Short descriptive text snippets:
=== Section Start ===

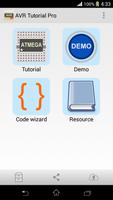 AVR Tutorial Pro الملصق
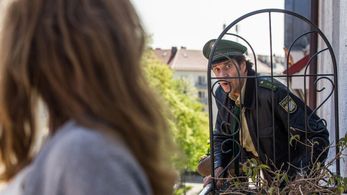 Anna Brüggemann and Helmfried von Lüttichau in Hubert und Staller - Unter Wölfen (2016)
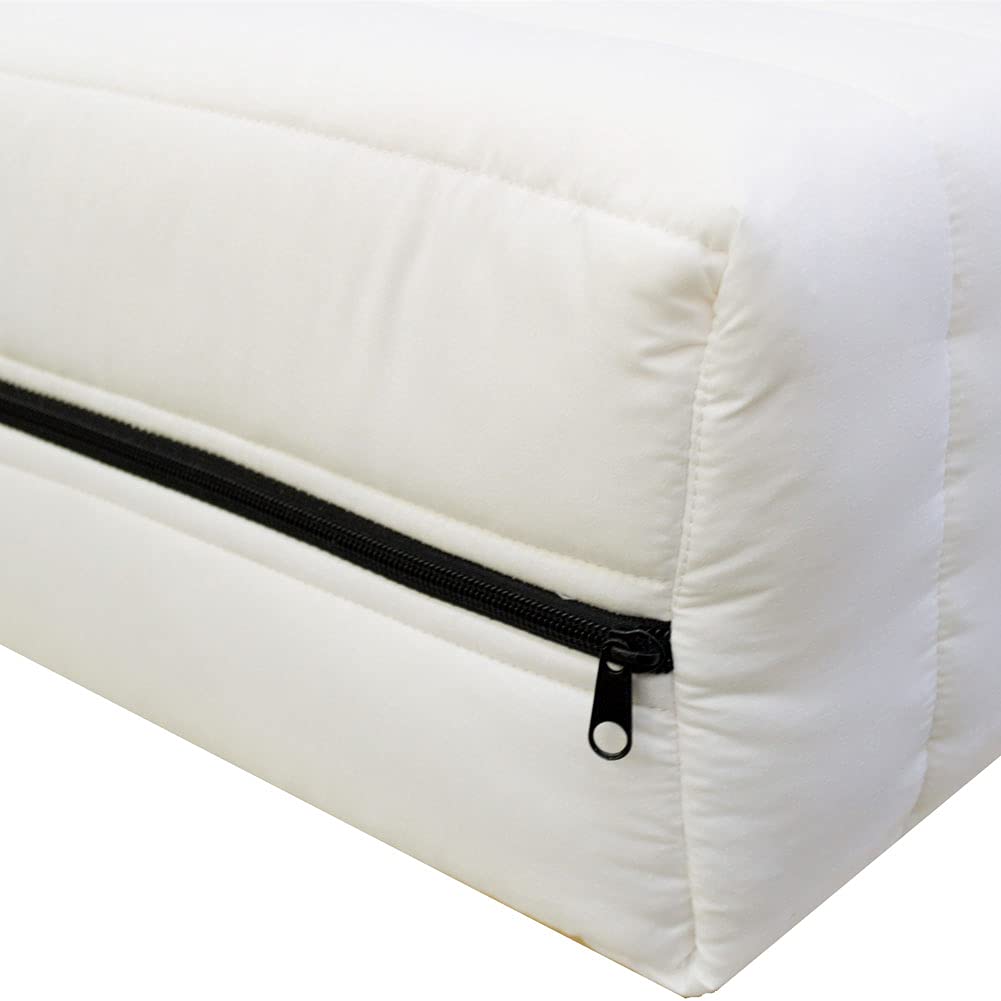 ITALYMATERASSI RITMO - 20cm Orthopedic Mattress with Carbon Graphite Semi-Rigid Core, Hypoallergenic & Removable Cover - Durable Fabric for Queen/King Size Beds - Perfect for Back Pain Relief & Allergy Sufferers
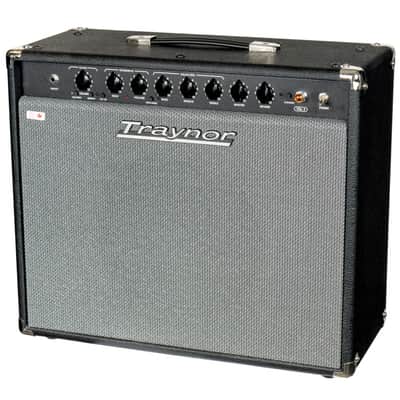 TRAYNOR YGL2 12" Celestion Vintage 30 Combo Amplifier Speaker Cabinet image 3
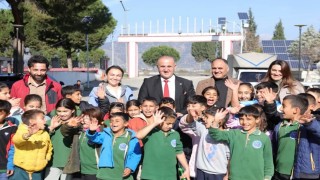 Kocagürlü öğrenciler İncirliovada ağırlandı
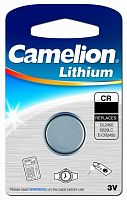 Элемент питания литиевый CR CR2025 BL-1 (блист.1шт) Camelion 3067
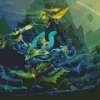 Dota 2 Earth Spirit Diamond Paintings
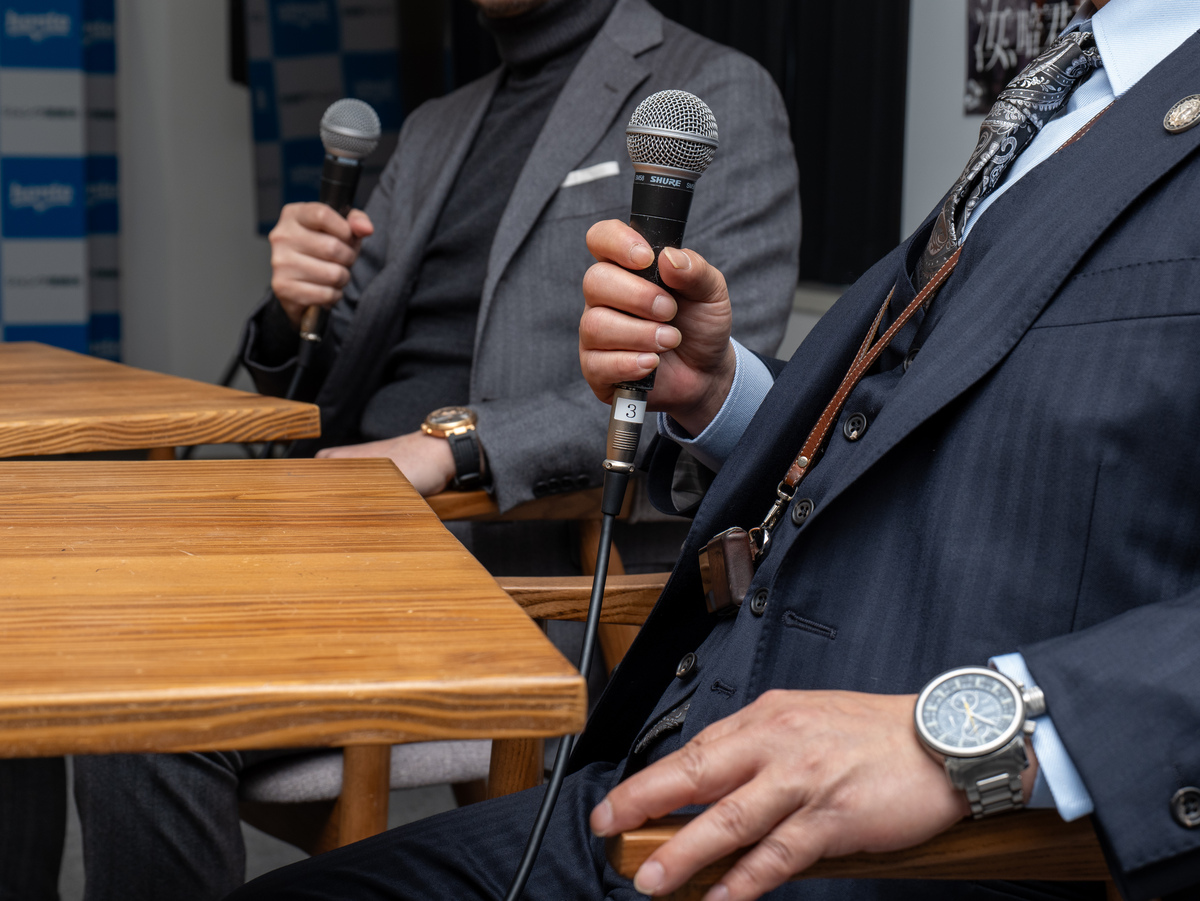 本条謙太郎×樽見京一郎トークイベントレポの画像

=== Section End ===

◆ **WORK ORDER**
Now reproduce all of the entries precisely, with no pictures in the copy.

◆ **RESPONSE**
 AVR Tutorial Pro الملصق
 Anna Brüggemann and Helmfried von Lüttichau in Hubert und Staller - Unter Wölfen (2016)
 ITALYMATERASSI RITMO - 20cm Orthopedic Mattress with Carbon Graphite Semi-Rigid Core, Hypoallergenic & Removable Cover - Durable Fabric for Queen/King Size Beds - Perfect for Back Pain Relief & Allergy Sufferers
 TRAYNOR YGL2 12" Celestion Vintage 30 Combo Amplifier Speaker Cabinet image 3
 Kocagürlü öğrenciler İncirliovada ağırlandı
 Элемент питания литиевый CR CR2025 BL-1 (блист.1шт) Camelion 3067
 Dota 2 Earth Spirit Diamond Paintings
 本条謙太郎×樽見京一郎トークイベントレポの画像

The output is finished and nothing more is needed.